* **Problem statement**
Copy every record below exactly, leaving out any pictures.

____ Input

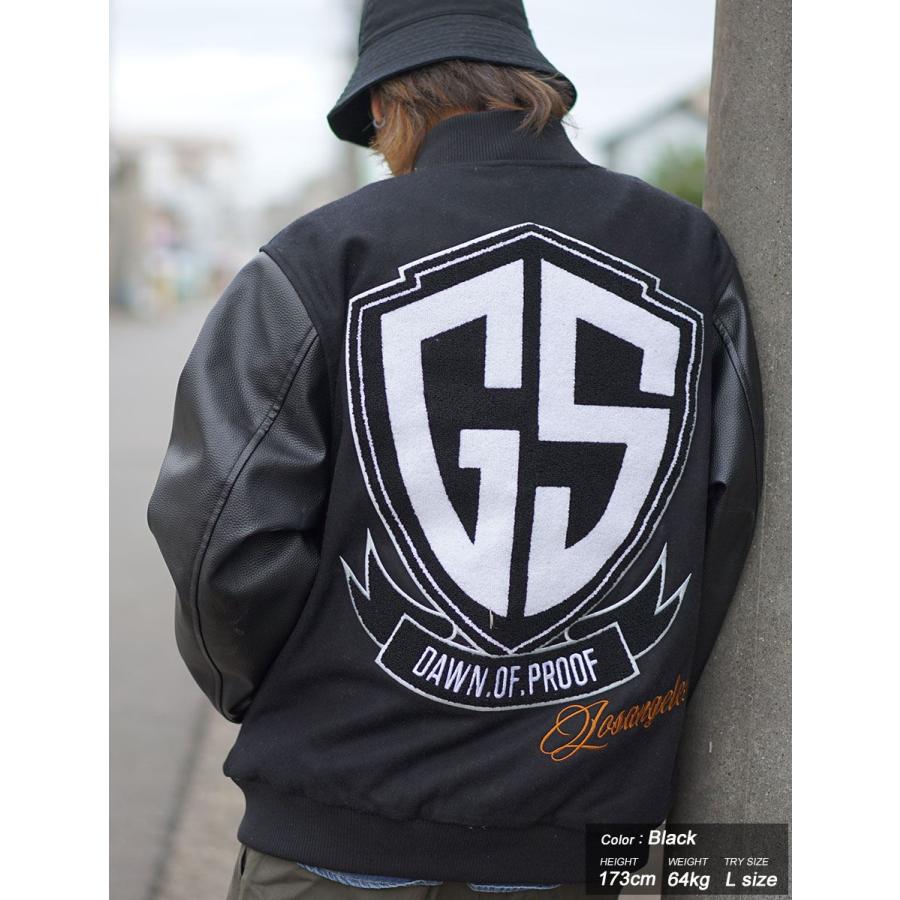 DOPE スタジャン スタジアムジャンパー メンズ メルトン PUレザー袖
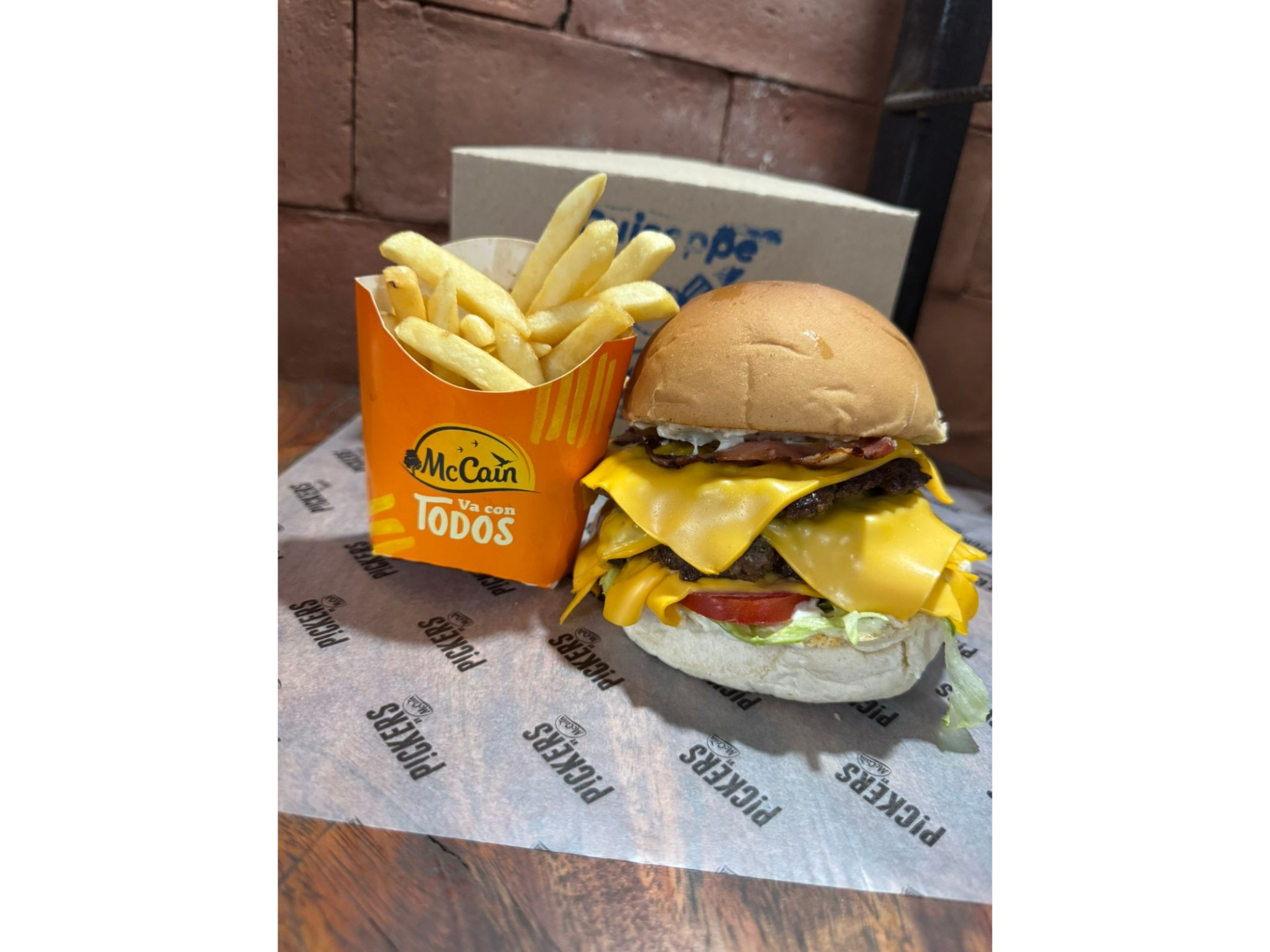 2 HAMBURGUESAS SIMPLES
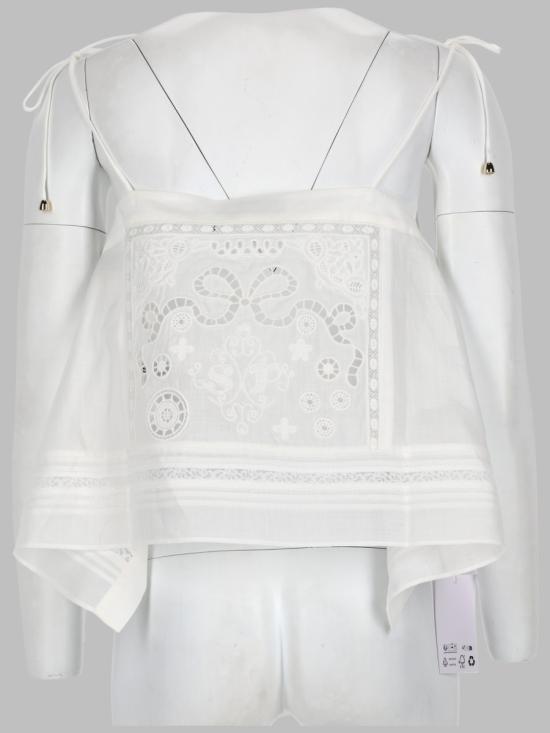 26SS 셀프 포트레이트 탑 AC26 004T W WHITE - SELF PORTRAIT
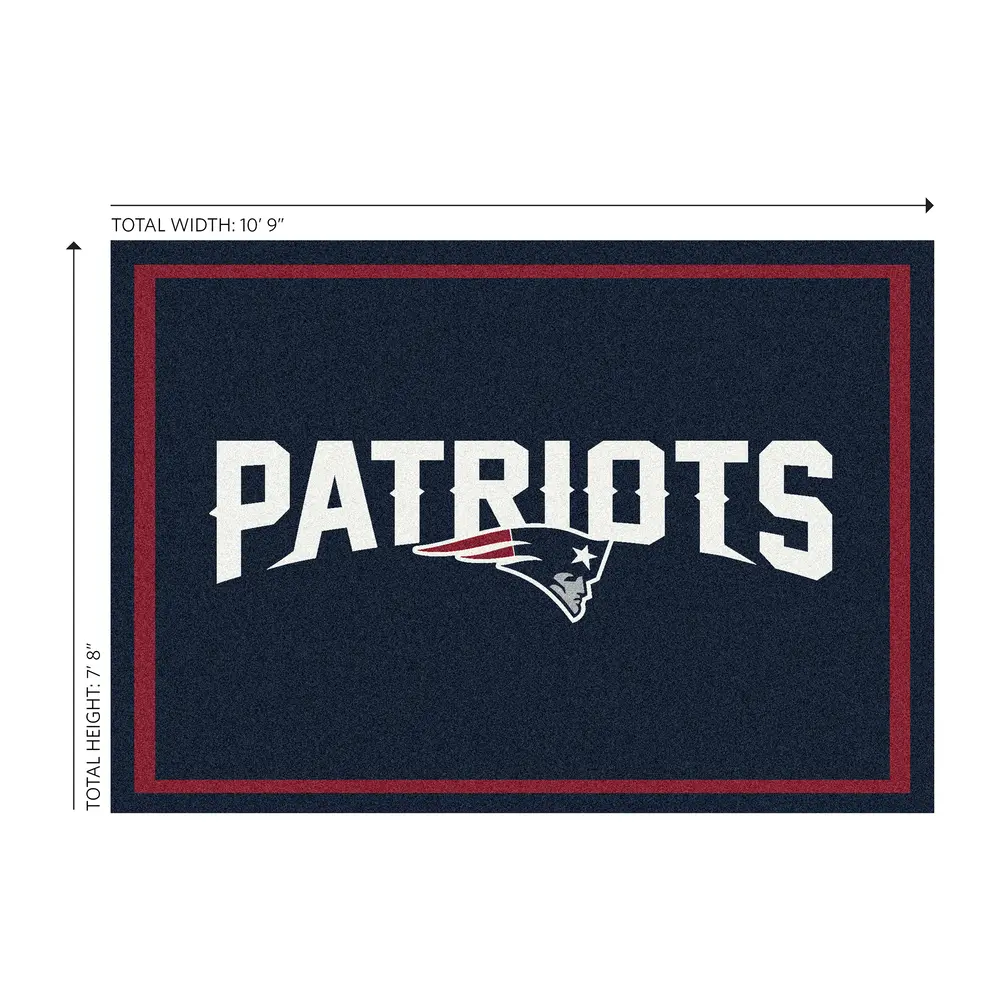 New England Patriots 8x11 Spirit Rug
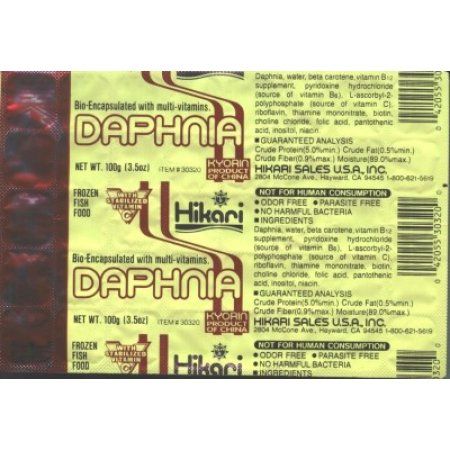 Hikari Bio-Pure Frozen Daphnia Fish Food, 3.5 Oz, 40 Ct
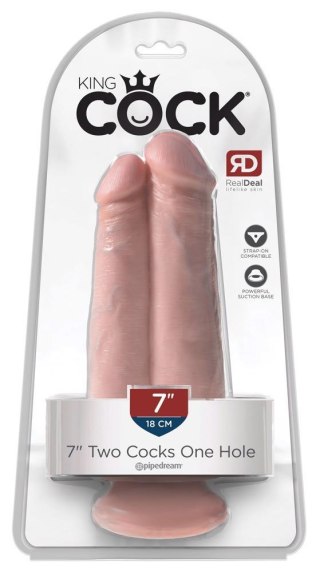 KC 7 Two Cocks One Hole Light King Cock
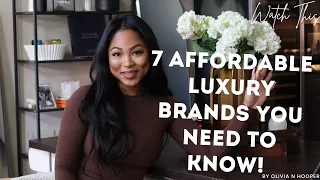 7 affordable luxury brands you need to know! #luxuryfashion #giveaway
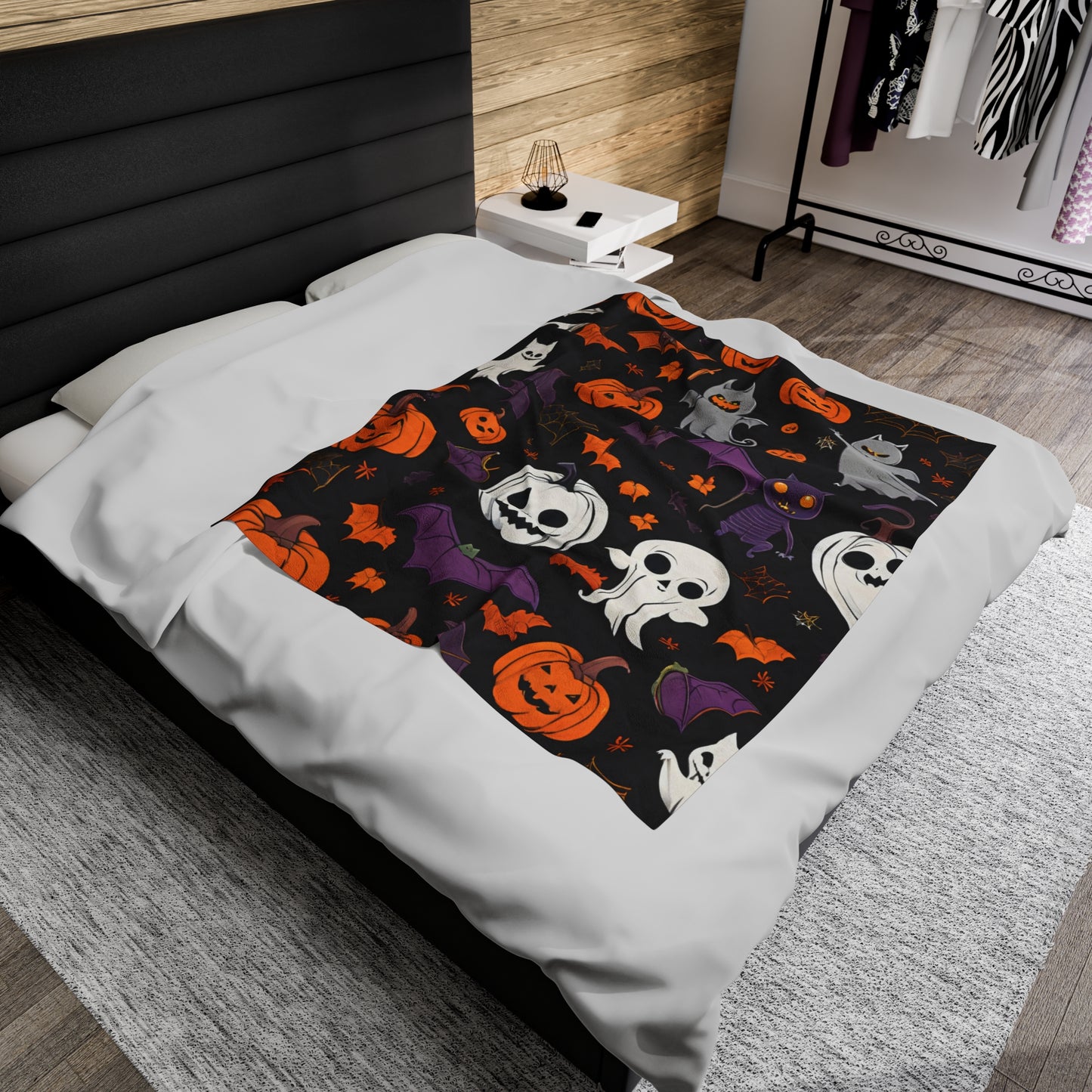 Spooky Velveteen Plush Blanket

________

* **Worked solution**
 DOPE スタジャン スタジアムジャンパー メンズ メルトン PUレザー袖
 2 HAMBURGUESAS SIMPLES
 26SS 셀프 포트레이트 탑 AC26 004T W WHITE - SELF PORTRAIT
 New England Patriots 8x11 Spirit Rug
 Hikari Bio-Pure Frozen Daphnia Fish Food, 3.5 Oz, 40 Ct
 KC 7 Two Cocks One Hole Light King Cock
 7 affordable luxury brands you need to know! #luxuryfashion #giveaway
 Spooky Velveteen Plush Blanket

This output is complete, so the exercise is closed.